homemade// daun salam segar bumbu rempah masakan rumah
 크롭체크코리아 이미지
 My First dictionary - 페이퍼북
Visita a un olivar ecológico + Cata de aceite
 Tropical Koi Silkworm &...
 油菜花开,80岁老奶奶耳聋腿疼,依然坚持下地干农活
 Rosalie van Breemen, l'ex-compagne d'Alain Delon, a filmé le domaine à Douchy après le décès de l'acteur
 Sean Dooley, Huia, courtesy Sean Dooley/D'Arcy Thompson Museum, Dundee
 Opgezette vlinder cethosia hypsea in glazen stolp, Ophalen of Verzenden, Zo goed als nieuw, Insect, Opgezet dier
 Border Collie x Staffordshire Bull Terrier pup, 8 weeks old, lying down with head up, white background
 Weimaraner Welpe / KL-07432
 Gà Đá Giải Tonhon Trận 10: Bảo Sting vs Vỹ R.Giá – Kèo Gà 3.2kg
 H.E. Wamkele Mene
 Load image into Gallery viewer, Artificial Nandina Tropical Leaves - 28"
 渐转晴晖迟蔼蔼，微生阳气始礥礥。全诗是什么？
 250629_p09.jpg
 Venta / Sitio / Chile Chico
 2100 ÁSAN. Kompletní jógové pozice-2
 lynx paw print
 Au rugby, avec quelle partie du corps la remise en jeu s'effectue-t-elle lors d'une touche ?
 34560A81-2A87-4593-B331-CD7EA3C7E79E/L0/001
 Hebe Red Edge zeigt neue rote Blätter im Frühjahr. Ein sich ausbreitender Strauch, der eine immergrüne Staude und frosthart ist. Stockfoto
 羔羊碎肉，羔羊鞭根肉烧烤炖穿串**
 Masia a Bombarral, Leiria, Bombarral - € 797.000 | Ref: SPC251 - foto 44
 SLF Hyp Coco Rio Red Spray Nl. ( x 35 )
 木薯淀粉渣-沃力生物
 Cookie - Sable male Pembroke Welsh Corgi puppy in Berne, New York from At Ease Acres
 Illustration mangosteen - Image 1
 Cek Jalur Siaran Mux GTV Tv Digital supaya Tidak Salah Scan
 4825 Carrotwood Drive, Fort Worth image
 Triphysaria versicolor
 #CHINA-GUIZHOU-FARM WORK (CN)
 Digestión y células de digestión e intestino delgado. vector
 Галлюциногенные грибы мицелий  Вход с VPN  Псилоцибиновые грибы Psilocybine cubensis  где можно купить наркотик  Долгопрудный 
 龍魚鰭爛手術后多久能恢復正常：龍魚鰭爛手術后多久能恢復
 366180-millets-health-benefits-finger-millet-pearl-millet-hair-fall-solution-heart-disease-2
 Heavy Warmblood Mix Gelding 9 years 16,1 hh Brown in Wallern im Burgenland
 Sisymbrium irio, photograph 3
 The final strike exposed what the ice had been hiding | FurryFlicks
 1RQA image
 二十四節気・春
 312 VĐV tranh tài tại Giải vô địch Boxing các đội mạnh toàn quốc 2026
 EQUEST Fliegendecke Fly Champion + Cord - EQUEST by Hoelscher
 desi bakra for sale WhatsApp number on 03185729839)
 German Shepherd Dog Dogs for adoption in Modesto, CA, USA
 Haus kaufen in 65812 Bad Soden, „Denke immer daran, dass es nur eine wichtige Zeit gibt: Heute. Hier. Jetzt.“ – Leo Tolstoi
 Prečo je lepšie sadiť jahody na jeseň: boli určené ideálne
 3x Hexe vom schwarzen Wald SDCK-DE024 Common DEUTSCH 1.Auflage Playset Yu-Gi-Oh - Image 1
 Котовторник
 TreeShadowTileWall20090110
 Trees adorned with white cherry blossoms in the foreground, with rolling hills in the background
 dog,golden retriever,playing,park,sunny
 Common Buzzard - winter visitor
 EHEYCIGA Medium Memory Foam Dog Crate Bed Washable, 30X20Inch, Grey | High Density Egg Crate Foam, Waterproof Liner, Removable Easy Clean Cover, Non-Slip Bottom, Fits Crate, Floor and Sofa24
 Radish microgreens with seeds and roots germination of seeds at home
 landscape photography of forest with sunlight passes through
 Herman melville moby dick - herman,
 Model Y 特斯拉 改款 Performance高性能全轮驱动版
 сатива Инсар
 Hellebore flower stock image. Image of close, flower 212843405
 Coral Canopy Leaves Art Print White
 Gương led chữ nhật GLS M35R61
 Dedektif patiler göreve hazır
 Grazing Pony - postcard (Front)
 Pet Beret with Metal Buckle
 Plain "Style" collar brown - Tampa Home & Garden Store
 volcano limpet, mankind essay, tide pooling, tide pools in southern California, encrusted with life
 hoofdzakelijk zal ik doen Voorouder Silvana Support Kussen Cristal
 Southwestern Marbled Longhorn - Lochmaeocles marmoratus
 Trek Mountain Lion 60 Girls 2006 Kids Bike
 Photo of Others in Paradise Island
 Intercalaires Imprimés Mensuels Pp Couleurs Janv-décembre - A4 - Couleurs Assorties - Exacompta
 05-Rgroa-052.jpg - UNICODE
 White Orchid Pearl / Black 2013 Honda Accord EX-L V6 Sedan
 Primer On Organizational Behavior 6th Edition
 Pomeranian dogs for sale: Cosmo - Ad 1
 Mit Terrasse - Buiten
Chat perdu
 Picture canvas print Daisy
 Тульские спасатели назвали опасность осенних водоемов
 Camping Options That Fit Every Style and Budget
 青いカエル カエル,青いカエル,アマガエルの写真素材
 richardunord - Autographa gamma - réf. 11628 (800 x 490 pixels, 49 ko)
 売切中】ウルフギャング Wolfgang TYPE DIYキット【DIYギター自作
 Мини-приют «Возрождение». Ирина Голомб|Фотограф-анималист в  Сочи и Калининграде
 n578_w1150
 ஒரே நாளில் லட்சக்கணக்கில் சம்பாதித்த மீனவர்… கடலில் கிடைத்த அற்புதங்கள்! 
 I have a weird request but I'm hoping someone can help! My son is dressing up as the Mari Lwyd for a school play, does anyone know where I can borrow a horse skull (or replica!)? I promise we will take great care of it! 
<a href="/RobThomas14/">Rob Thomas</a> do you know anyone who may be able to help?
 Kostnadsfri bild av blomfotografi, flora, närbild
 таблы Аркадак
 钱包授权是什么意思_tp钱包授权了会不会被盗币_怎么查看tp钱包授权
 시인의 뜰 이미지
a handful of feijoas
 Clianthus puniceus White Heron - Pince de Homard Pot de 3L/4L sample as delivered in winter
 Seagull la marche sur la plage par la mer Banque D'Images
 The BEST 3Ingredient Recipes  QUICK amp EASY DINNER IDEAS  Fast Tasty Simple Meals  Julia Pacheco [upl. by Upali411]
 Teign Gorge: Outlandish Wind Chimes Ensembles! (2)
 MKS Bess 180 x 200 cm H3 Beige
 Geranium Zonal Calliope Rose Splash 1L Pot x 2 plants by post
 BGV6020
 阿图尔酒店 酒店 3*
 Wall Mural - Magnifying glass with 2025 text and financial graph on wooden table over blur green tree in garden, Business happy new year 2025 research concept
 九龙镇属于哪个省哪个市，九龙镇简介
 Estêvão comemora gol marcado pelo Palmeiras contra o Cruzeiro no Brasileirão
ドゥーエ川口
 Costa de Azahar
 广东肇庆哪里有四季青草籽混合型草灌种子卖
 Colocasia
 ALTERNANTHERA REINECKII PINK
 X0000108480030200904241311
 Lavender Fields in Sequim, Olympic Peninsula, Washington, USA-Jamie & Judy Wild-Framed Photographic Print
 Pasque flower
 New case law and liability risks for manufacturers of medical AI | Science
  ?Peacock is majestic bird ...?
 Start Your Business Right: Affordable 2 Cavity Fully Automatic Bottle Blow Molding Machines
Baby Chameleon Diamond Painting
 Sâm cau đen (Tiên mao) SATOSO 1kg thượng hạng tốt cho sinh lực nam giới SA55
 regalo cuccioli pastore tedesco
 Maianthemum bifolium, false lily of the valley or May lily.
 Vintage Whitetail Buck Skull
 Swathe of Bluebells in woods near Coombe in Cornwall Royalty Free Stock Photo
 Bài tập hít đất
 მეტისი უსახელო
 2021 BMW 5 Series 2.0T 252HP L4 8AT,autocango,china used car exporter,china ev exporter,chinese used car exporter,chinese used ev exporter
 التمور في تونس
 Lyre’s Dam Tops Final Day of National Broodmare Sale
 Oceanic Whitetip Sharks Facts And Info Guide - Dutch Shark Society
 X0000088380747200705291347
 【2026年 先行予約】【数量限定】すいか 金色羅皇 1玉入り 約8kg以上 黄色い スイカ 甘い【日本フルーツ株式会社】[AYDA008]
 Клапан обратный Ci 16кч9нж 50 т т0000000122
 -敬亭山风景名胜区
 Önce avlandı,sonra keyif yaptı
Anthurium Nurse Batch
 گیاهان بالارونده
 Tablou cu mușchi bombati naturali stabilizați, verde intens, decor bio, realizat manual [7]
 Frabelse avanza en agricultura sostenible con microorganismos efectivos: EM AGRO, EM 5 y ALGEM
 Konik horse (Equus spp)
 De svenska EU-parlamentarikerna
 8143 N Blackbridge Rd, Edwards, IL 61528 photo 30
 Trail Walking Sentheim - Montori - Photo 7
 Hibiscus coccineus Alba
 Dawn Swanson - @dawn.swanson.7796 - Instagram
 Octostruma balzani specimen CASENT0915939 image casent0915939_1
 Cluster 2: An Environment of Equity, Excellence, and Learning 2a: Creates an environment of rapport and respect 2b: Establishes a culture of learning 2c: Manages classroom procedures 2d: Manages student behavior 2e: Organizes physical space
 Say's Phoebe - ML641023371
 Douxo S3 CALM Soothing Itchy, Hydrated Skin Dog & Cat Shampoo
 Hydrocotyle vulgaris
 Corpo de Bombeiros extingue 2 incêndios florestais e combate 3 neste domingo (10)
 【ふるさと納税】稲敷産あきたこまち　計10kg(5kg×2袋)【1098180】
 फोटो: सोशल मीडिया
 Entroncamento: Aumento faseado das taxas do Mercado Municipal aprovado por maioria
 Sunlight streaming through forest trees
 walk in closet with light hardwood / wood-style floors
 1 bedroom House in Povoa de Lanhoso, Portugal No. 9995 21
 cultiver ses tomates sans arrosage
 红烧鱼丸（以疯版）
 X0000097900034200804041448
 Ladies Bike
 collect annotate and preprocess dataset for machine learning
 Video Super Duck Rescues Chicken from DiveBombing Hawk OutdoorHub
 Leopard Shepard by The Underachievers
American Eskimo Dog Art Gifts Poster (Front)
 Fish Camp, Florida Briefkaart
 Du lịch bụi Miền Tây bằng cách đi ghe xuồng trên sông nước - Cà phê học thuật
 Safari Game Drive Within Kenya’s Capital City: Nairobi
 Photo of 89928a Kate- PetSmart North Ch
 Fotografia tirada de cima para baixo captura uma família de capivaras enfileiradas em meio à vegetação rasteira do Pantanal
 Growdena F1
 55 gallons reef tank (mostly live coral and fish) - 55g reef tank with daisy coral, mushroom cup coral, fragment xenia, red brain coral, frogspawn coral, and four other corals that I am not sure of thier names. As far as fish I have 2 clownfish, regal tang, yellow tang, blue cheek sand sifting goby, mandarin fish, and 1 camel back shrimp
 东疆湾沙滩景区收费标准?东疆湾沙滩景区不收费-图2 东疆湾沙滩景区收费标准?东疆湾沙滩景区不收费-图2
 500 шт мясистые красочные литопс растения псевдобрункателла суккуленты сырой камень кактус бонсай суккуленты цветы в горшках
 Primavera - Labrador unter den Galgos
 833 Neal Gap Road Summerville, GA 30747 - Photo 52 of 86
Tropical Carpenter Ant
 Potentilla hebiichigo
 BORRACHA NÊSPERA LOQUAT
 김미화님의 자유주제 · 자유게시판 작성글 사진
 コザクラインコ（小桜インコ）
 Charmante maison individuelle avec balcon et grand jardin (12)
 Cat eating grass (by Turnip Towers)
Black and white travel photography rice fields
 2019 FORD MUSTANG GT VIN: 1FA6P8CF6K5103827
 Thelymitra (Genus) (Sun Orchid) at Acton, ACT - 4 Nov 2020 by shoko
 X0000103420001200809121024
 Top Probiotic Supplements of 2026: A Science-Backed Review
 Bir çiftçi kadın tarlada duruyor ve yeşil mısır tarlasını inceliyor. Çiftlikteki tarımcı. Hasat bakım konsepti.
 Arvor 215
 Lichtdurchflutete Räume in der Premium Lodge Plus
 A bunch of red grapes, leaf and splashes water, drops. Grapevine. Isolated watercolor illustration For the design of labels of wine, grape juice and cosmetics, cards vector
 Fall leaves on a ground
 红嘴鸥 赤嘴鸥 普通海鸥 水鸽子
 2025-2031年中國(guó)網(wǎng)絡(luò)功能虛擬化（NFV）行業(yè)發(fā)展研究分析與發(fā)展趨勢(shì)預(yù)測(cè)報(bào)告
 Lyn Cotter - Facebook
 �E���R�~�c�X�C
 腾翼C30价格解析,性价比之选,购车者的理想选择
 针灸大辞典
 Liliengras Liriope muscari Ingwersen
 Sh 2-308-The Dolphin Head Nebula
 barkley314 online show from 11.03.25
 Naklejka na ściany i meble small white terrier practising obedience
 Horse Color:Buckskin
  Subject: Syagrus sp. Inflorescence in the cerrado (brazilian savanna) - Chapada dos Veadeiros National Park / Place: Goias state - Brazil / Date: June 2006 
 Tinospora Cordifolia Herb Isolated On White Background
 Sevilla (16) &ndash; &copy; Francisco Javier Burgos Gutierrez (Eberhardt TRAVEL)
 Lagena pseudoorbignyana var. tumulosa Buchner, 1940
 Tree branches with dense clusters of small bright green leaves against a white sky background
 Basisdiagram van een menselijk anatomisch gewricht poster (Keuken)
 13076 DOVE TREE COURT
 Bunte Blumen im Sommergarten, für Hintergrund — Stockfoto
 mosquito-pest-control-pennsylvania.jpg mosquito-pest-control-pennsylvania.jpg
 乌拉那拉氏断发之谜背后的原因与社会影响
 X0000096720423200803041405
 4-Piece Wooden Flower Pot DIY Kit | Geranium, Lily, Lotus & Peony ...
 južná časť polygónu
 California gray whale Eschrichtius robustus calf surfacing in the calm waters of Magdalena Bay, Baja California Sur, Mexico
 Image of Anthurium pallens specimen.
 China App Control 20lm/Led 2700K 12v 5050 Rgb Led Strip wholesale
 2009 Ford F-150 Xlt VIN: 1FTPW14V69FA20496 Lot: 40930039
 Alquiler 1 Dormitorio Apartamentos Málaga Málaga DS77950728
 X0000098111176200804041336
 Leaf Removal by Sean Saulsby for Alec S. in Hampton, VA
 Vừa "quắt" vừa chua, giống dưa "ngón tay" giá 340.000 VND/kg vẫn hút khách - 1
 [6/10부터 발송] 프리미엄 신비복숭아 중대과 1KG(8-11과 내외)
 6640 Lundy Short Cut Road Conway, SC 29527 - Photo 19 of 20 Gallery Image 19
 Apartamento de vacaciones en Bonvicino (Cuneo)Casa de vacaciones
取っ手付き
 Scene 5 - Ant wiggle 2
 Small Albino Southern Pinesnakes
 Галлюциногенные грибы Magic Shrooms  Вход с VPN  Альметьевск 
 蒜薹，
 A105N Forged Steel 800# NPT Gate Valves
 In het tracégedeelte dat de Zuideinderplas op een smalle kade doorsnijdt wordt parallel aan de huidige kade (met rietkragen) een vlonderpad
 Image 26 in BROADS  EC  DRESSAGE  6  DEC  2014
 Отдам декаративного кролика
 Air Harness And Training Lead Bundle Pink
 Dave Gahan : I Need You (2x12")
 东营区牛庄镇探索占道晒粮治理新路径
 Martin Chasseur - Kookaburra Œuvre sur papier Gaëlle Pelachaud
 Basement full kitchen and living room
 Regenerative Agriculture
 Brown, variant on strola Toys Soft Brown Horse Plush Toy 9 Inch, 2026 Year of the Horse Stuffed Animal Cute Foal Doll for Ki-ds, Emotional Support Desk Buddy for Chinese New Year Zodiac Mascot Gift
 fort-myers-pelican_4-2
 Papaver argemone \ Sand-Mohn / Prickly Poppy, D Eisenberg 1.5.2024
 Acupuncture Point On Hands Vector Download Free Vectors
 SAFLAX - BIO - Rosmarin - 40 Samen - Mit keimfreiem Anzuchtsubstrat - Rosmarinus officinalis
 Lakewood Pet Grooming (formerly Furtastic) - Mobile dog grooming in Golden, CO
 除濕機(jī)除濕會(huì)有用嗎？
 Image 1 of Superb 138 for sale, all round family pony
-----
• _WORK INSTRUCTION_: For the lines above, output exactly those from the line containing "Au rugby, avec" through the line containing "羔羊碎肉，羔羊鞭根肉烧烤炖穿串**", and skip the others.

• _EXERCISE ANSWER_:
 Au rugby, avec quelle partie du corps la remise en jeu s'effectue-t-elle lors d'une touche ?
 34560A81-2A87-4593-B331-CD7EA3C7E79E/L0/001
 Hebe Red Edge zeigt neue rote Blätter im Frühjahr. Ein sich ausbreitender Strauch, der eine immergrüne Staude und frosthart ist. Stockfoto
 羔羊碎肉，羔羊鞭根肉烧烤炖穿串**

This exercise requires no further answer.